どうか温かい目で最後まで見て頂ければ光栄です!
これは俺たちが世界を救い、日常を取り戻すまでの物語。
異世界ゲート〈ブリッジ〉 近郊
「アリス、負傷者を連れてお前は逃げろ!囮は俺が引き受ける!」
「待って、無理よ!いくらハジメでもあの数は…」
「ここで全員やられたら異生物殲滅機構〈デザイア〉にとっても痛手だ。それに俺なら大丈夫だ!俺のしぶとさはお前が一番わかってるはずだろ?」
そう言って幾多の戦いで切り傷、擦り傷だらけ、でもいつもと変わらない笑顔をアリスに向ける。
「で、でも…それじゃハジメが…」
「いいから行けよ!…っ早く!!!」
涙を浮かべ必死に言葉を繋ぐアリスを遮るように怒鳴る。
「帰ってこなかったら許さないからっ!」
ハジメを背にアリスは負傷した仲間を連れて走り出す。
「帰るに決まってんだろ。」
浮遊している奴ら、人型の奴ら、地を這う奴ら、その様々な敵の数は既に千を超えていた。
「っしゃ、やるぞ。」
パンパンッと頬を叩きハジメは気合を入れ直す。
「こっから先へは行かせねぇ!俺の、戦士としての誇りとあの日の誓いのために!」
そうだ、10年前のあの日から俺たちの日常は終わり世界は絶望を迎えた。奴らの襲来と共に…
――10年前――
西暦2740年に突如として大都市、新東京に現れたゲート。
新東京を始めとして主要都市である札幌、横浜、名古屋、福岡に次々とゲートは出現した。
―― 空野一〈そらの はじめ〉6歳 ――
「ねぇアリスのお父さんってブリッジって名前のゲートを調べる調査隊の隊長なんだよね?すごいなぁ〜」
―― 二環アリス〈ふたわ ありす〉6歳 ――
「家には帰ってこなくてママに心配ばかりかけて、私あんな人がパパだなんて…」
「でもさ、お父さんいるだけいいじゃん。そんな事言ったら亮丞おじさんが可哀相だよ。
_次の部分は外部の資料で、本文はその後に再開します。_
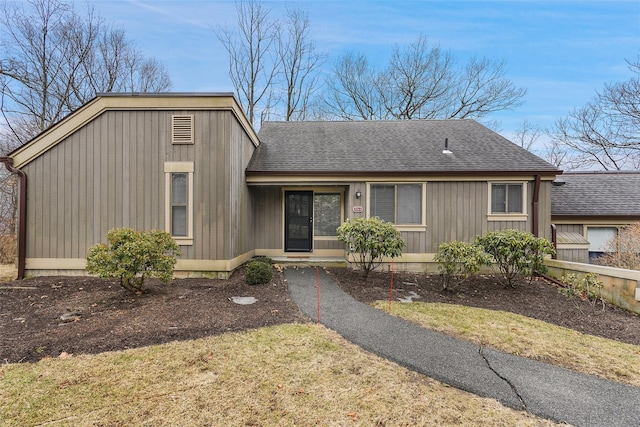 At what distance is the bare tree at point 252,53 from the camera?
18406 mm

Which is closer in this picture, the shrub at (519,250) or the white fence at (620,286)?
the white fence at (620,286)

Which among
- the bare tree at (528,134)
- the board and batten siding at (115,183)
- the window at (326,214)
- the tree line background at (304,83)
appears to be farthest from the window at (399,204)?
the bare tree at (528,134)

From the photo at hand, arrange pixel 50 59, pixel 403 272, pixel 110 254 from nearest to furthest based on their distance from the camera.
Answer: pixel 110 254
pixel 403 272
pixel 50 59

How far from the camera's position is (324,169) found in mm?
8367

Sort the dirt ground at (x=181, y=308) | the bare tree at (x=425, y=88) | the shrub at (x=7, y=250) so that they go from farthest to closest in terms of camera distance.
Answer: the bare tree at (x=425, y=88)
the shrub at (x=7, y=250)
the dirt ground at (x=181, y=308)

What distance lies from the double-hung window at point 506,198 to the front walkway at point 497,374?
561 centimetres

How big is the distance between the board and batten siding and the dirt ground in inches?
38.3

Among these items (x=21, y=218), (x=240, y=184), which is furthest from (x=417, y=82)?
(x=21, y=218)

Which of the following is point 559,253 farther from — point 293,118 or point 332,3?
point 293,118

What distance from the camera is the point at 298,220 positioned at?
31.2 ft

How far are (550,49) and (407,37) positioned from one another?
838 cm

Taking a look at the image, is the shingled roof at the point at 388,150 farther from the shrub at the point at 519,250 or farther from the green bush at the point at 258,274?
the green bush at the point at 258,274

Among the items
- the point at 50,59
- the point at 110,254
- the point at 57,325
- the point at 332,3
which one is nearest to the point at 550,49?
the point at 332,3

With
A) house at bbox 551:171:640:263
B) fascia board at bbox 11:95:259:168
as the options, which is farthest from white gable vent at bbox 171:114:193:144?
house at bbox 551:171:640:263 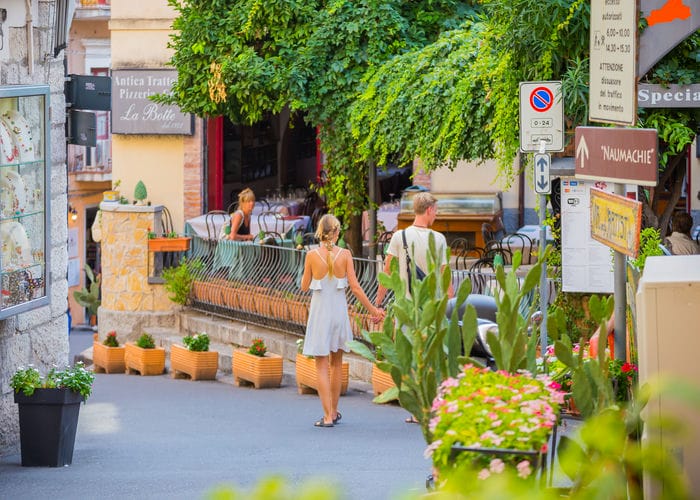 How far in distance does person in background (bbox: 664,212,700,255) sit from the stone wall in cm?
569

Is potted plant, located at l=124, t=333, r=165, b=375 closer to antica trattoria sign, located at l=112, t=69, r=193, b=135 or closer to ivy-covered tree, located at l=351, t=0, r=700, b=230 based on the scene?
ivy-covered tree, located at l=351, t=0, r=700, b=230

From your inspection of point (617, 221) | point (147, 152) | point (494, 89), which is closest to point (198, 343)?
point (494, 89)

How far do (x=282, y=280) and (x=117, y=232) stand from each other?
3.97m

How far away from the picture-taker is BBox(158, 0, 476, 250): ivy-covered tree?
16609 mm

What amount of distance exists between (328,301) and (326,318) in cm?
13

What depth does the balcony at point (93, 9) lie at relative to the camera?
3456cm

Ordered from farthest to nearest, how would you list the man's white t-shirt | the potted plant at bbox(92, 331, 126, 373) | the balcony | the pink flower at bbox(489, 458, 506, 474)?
1. the balcony
2. the potted plant at bbox(92, 331, 126, 373)
3. the man's white t-shirt
4. the pink flower at bbox(489, 458, 506, 474)

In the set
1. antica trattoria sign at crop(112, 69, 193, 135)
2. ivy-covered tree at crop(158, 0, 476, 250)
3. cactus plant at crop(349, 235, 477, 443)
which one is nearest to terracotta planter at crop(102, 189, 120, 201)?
antica trattoria sign at crop(112, 69, 193, 135)

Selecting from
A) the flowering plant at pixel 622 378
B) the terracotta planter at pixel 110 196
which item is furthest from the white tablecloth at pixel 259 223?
the flowering plant at pixel 622 378

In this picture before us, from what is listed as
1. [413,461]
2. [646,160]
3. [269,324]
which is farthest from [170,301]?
[646,160]

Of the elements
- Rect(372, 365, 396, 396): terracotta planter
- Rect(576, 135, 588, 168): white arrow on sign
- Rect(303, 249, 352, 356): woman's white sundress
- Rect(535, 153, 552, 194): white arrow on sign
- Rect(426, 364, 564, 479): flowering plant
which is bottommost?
Rect(372, 365, 396, 396): terracotta planter

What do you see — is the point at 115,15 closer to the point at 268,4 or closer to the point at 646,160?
the point at 268,4

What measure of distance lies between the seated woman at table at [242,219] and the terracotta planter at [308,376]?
4.59m

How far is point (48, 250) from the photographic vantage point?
9617 millimetres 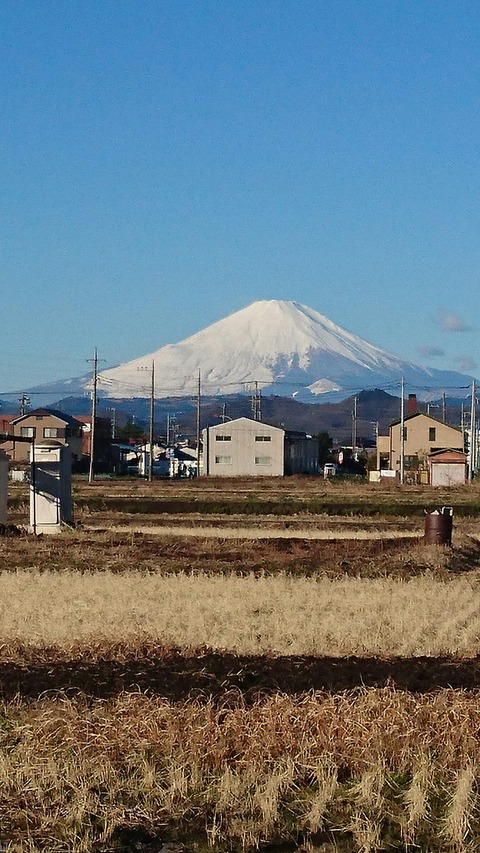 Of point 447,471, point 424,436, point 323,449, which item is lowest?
point 447,471

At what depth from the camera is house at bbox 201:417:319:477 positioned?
331ft

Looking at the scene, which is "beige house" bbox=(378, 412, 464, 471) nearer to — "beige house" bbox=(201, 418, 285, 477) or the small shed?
"beige house" bbox=(201, 418, 285, 477)

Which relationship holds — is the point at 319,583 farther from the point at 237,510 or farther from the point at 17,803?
the point at 237,510

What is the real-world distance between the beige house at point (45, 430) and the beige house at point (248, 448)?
11.3 meters

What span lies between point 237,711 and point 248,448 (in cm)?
9063

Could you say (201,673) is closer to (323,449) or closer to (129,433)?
(323,449)

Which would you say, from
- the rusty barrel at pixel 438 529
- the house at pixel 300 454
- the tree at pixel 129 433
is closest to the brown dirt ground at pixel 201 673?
the rusty barrel at pixel 438 529

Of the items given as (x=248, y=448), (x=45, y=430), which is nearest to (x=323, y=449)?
(x=248, y=448)

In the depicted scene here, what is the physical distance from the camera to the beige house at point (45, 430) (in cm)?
10344

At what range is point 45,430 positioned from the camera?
105500 mm

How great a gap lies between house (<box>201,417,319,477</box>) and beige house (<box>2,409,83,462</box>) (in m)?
10.8

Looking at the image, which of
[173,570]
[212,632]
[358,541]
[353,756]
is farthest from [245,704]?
[358,541]

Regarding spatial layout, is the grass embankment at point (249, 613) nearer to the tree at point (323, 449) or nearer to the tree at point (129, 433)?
the tree at point (323, 449)

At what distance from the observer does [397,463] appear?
4053 inches
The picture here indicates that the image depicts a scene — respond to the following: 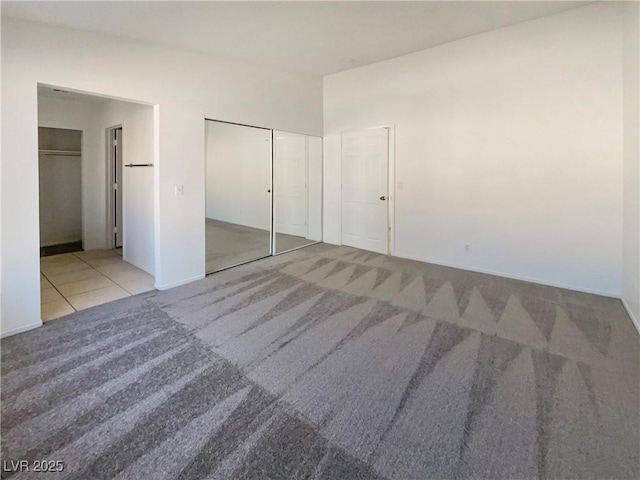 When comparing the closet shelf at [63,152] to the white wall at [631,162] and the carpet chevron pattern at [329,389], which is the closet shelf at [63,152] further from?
the white wall at [631,162]

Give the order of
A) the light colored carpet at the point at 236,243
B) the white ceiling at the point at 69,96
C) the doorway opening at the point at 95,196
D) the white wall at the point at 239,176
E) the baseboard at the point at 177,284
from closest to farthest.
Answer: the baseboard at the point at 177,284, the doorway opening at the point at 95,196, the white ceiling at the point at 69,96, the light colored carpet at the point at 236,243, the white wall at the point at 239,176

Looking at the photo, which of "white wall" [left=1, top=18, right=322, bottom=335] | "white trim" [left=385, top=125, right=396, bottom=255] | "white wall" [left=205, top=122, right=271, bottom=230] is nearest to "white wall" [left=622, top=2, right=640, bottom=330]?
"white trim" [left=385, top=125, right=396, bottom=255]

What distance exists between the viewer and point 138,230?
4.90 m

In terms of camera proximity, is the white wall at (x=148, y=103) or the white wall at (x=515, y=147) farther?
the white wall at (x=515, y=147)

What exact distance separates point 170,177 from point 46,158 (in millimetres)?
4050

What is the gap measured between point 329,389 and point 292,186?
4972 mm

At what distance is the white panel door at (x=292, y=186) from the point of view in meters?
6.16

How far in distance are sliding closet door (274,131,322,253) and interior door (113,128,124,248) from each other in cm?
284

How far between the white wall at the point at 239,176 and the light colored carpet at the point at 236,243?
0.58 feet

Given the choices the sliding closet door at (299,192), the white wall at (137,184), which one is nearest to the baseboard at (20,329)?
the white wall at (137,184)

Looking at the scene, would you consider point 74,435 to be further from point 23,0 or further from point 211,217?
point 211,217

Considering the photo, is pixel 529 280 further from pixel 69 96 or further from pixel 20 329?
pixel 69 96

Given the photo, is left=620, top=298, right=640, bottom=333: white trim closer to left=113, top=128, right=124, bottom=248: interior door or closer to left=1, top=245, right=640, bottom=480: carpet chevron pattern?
left=1, top=245, right=640, bottom=480: carpet chevron pattern

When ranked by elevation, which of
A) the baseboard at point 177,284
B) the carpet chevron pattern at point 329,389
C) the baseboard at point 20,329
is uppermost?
the baseboard at point 177,284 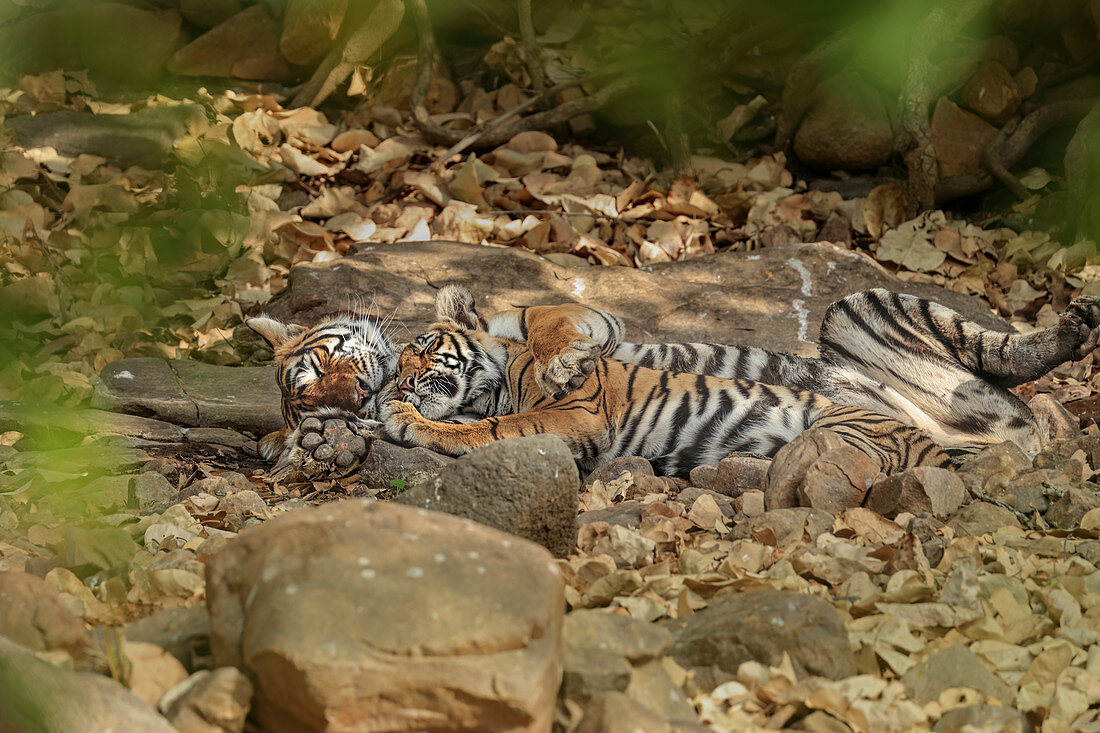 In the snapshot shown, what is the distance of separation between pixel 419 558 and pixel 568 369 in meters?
2.59

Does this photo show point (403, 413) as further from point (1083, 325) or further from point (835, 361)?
point (1083, 325)

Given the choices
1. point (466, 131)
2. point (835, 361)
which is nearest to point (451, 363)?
point (835, 361)

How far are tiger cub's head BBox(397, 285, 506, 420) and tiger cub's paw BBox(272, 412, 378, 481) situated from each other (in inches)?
14.2

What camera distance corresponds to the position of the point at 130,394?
4.94m

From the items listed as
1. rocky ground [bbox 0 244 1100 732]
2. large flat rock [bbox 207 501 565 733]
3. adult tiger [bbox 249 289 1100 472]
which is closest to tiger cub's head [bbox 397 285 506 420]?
adult tiger [bbox 249 289 1100 472]

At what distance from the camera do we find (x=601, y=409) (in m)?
4.29

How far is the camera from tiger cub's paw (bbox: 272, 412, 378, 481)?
13.4 feet

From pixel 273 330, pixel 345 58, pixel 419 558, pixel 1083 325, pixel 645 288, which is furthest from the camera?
pixel 345 58

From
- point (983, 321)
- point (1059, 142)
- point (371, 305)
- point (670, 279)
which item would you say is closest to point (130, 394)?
point (371, 305)

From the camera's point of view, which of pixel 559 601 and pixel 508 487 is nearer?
pixel 559 601

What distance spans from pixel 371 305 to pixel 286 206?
2.21 meters

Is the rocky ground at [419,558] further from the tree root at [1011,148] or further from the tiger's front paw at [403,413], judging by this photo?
the tree root at [1011,148]

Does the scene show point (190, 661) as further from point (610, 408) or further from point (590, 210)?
point (590, 210)

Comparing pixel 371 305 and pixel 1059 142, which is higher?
pixel 1059 142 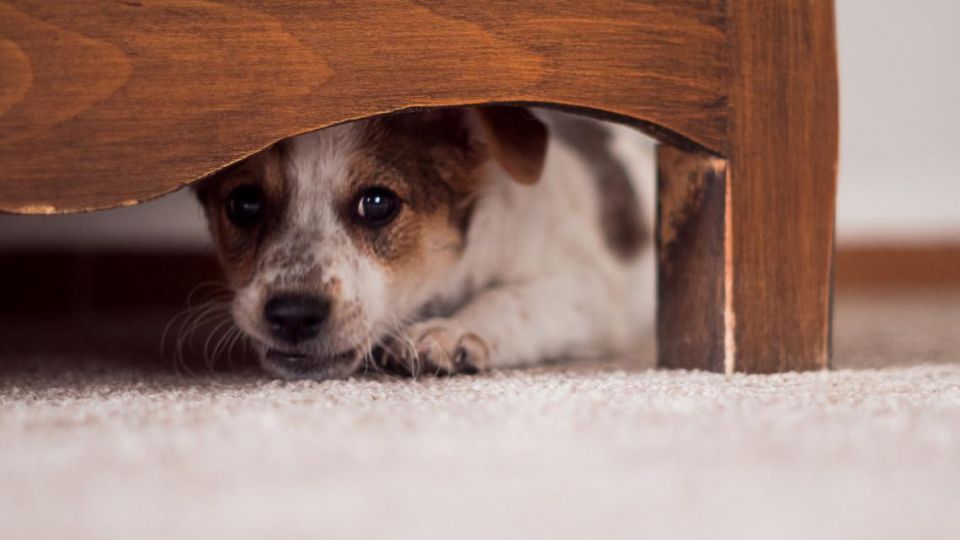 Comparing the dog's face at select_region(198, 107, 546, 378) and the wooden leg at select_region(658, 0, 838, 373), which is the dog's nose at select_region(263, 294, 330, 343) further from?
the wooden leg at select_region(658, 0, 838, 373)

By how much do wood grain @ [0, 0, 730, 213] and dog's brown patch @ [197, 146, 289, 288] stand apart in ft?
1.20

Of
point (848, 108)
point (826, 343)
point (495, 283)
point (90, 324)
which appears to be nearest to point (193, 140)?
point (495, 283)

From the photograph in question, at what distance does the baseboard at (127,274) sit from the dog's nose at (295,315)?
1340 mm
」
僕はアリスへ発した言葉のトーンが少し低い事に気がついていた。
その理由は僕のお父さんは僕が生まれてすぐに仕事中の事故で亡くなって母子家庭で育っているからだ。
母さんは「ハジメのお父さんは海外で仕事をしているんだよ〜」なんて明るく振る舞って言うけれどたまに夜遅く写真を見ながら母さんが一人で泣いているのを知っている。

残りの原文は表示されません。